MGS: Well, that’s a perfect segue into Empire Builder! So, obviously, it’s a very personal film for you and I would imagine making it was a somewhat cathartic experience as well.

KS: Yeah, it was a really personal film. That’s my real baby that’s in the movie. He’s going to be four next week.

MGS: And that’s some good baby acting too!

KS: Yeah, he’s really very good at acting like a baby.

MGS: Did he take direction well or did he just do whatever he wanted?

KS: No, he did whatever he wanted. We would just put him in the place where he needed to be. He was 10-months-old when we shot the movie so he was super-happy to just sit at a table and eat Cheerios for as long as we needed him to. It was a little stressful and I was conflicted as a mother and a filmmaker. It was a little stressful at the end when he’s naked and she grabs him and is running. We had to shoot that a few times and I think he got stressed out and cried and stuff because why was this person grabbing him, naked, and running? She was, of course, acting as if she was filled with stress, and running, and I think that was stressful for him as a baby. But he’s fine now, he wasn’t traumatized.

MGS: And that’s the kind of thing where it probably helped that it was your own baby, right? You probably wouldn’t want to use somebody else’s baby.

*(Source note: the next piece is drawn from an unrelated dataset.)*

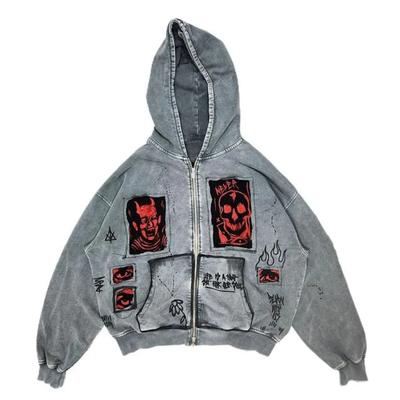ROADVIBE Hoodiey2k  Women's SweatshirtsHoodie Sweatshirt Men's Hip Hop Letter Vintage Skull Pattern Print Oversized Hoodie Jacket Clothin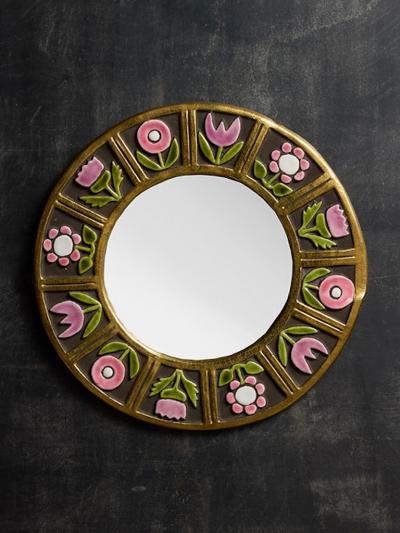 Mithe Espelt Round Mithe Espelt Ceramic Mirror with Flower Decors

KS: No, because in the film that I just shot, we had a birth scene where we had to have a newborn baby and make it look like he was being born, and I hated it. It turned out really well but it’s really stressful because they literally don’t know what’s going on and they’re crying. You know, if you have a grown adult you can be like, “Well, they signed up for this.” Like, you know, if this is stressing them out, this is their chosen career path. If they want to act or whatever, they have to deal with this. But with an infant, it’s like you’re using that infant. Yeah, it was easier with my own kid, I think, than with another one.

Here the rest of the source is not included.